Depois que a INB anunciou que poderá triplicar a produção de urânio nos próximos três anos, a possibilidade de exportação do minério ganhou força dentro da revisão do Programa Nuclear.

De acordo com a CNEN, o Brasil poderá se tornar o quinto maior produtor de urânio do mundo quando a mina de Santa Quitéria, no Ceará, começar a ser operada.
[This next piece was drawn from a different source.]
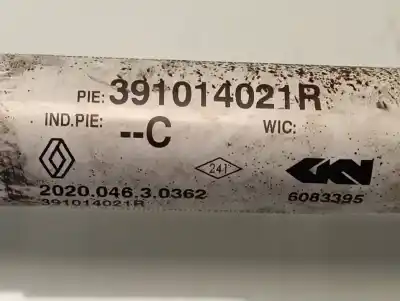 Автозапчастина б/у передня ліва трансмісія для dacia dokker 1.3 tce посилання на oem iam 391014021r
O país produzirá cerca de 1,2 mil toneladas/ano. Hoje, a produção é de 400 mil toneladas/ano.

A principal mina de urânio do país está localizada no município baiano de Caetité, que tem 12 jazidas e uma produção estimada em 100 mil toneladas/ano. A mina de Santa Quitéria poderá produzir outras 140 mil toneladas.

Segundo a CNEN, a exploração do minério é autorizada pelo Departamento Nacional de Produção Mineral (DNPM), vinculado ao ministério de Minas e Energia. O Instituto Brasileiro do Meio Ambiente e dos Recursos Naturais Renováveis (IBAMA), é o responsável pelo licenciamento ambiental.

Segurança Nuclear

Em abril, a Comissão de Trabalho, Administração e Serviço Público da Câmara dos Deputados aprovou o Projeto de Lei 2881/04, do Executivo, que recria o Sistema de Proteção ao Programa Nuclear Brasileiro (Sipron).
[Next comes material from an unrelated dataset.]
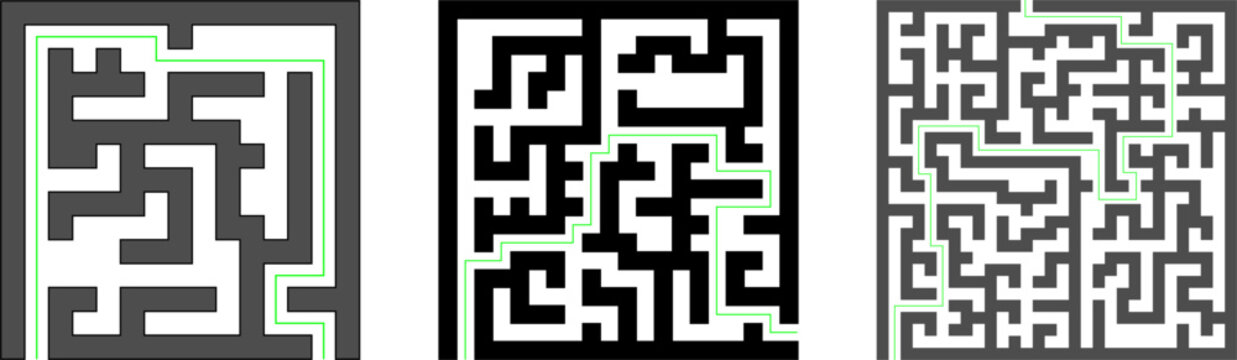 labyrinths with a painted exit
Pela proposta, o Sipron responderá pela proteção das atividades, instalações e projetos do Programa Nucelar Brasileiro. De acordo com a proposta, a regulamentação do sistema será estabelecida por decreto, enquanto a estrutura organizacional e as atribuições dos órgãos, instituições e empresas que o compõem serão definidas por meio de regulamento.
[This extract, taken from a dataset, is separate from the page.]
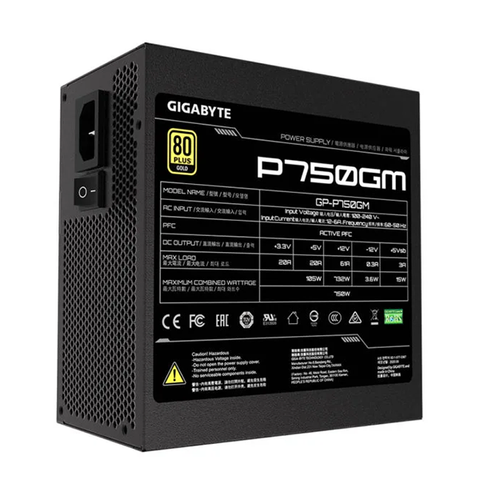  ( 750W ) Nguồn máy tính GIGABYTE P750GM 80 PLUS GOLD 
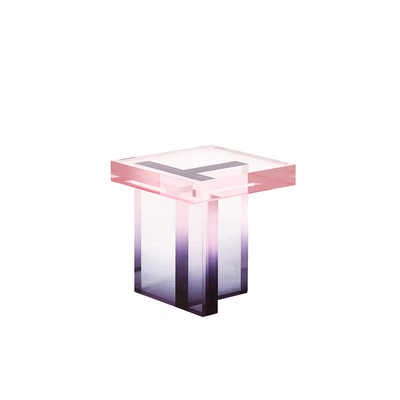 Acrylic Side Table | Sugar Granules | Squire Top | Grape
Também foi aprovada emenda na Comissão de Minas e Energia, que estende a proteção para as atividades, instalações e projetos do Programa Nuclear a população, aos trabalhadores em atividades nucleares e ao meio ambiente.

Angra III

Em audiência pública na Câmara, também em abril, o ministro da Ciência e Tecnologia, Sérgio Rezende, defendeu a ampliação do programa com a conclusão da usina de Angra III, com a adoção de providências adicionais de segurança.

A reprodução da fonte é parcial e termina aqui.